Lots from the estate of Long Island, N.Y., artist, historian and preservationist Richard Gachot and his wife Irene were found desirable.
“I think they had a delight in small and charming things – and they were both artists in their own right,” Cain remarked on the Gachot’s collecting sensibilities. “The sons remembered being taken to antiques stores and early morning treks to antiques fairs and things like that, so there was a delight in the chase also, but I think it was the sheer delight in the objects.”
The collection’s top lot was a painted poplar dome top box decorated with red and yellow leafage above a green background. The piece measured 5 inches high by 10-1/8 inches long and sold for $11,250, over double the high estimate. Also from the estate was a 9¼-by-13-1/8-inch watercolor and ink on paper featuring Noah’s Ark and attributed to Nineteenth Century Lancaster, Penn., artist John Landis. It brought $9,750. A wonderful Nineteenth Century oil on canvas American School still life centered on a watermelon with additional fruit was signed “W.L. Keeler 1887” and brought above estimate at $5,938.
A collection of portraits consigned by the Pennsylvania Academy of Fine Arts (PAFA) were bequests of John Frederick Lewis (American, 1860-1932), who, according to the Frick’s archives, was a Philadelphia-based collector and patron who served on the board of PAFA, among other institutions, and was particularly interested in portraits of George Washington.
Cain said, “He was a great philanthropist and he primarily liked portraits of important historical, political and military men, as well as the work of great artists.”

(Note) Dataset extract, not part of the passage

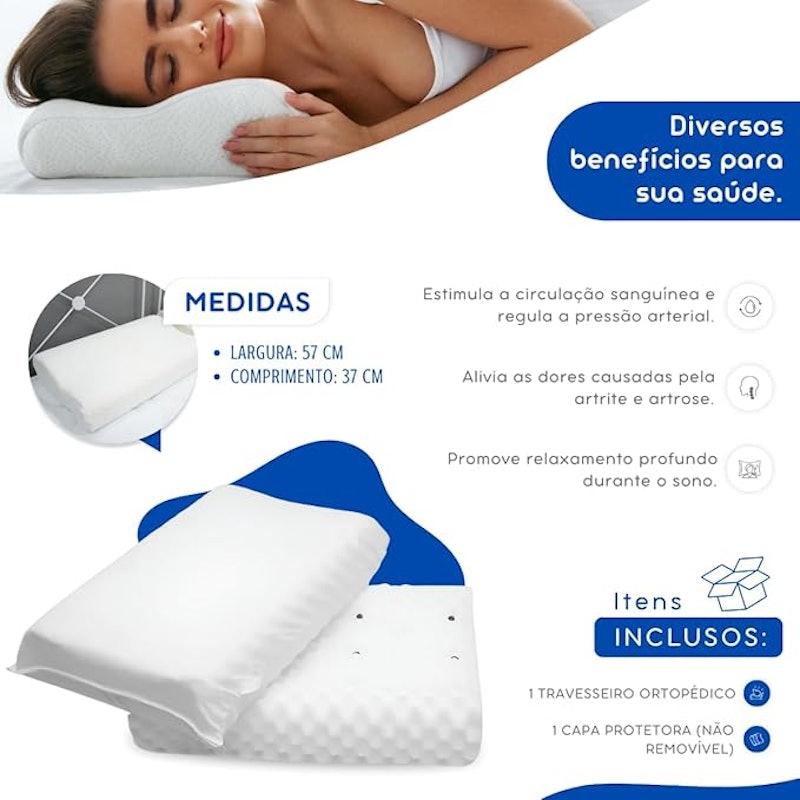 Travesseiro Cervical Sublime Ortopédico Magnético 2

The collection was led by a 30-by-24-7/16-inch oil on panel portrait of Andrew Jackson in uniform, which sold for $5,000. A Nineteenth Century American School portrait of Marquis de Lafayette went out at $4,688; a portrait of Isaac Hazlehurst by Thomas Sully (1783-1872) took $4,688; and a portrait of General Ulysses S. Grant attributed to Edward D. Marchant (1806-1887) brought $4,063.